◆ Work to be completed ◆
Please repeat, exactly as they stand, the line containing "Fox v1 2024 orange helmet" and the lines after it through the final line of the listing below, minus pictures.

Input data START

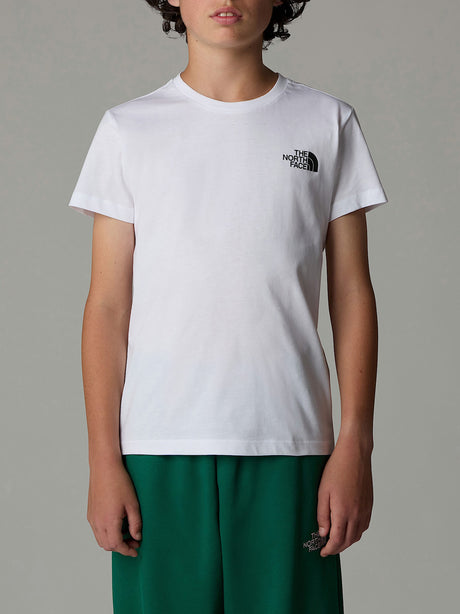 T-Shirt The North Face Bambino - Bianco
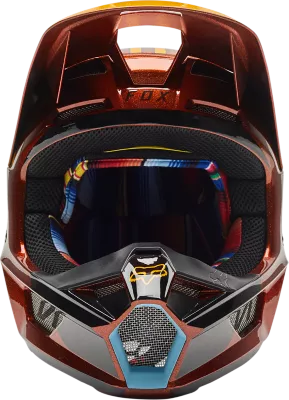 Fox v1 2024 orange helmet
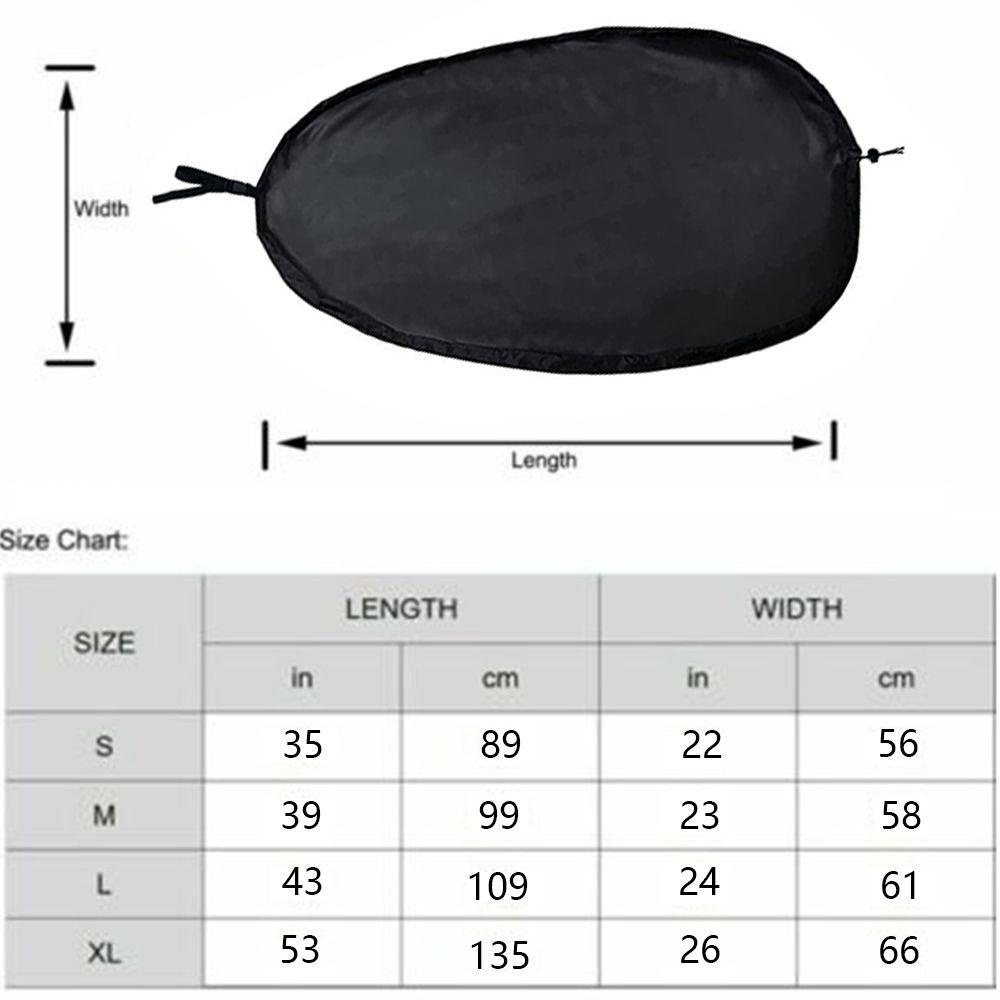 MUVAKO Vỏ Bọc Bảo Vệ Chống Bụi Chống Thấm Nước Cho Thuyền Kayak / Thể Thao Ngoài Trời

Input data END

◆ Answer to the problem ◆
 Fox v1 2024 orange helmet
 MUVAKO Vỏ Bọc Bảo Vệ Chống Bụi Chống Thấm Nước Cho Thuyền Kayak / Thể Thao Ngoài Trời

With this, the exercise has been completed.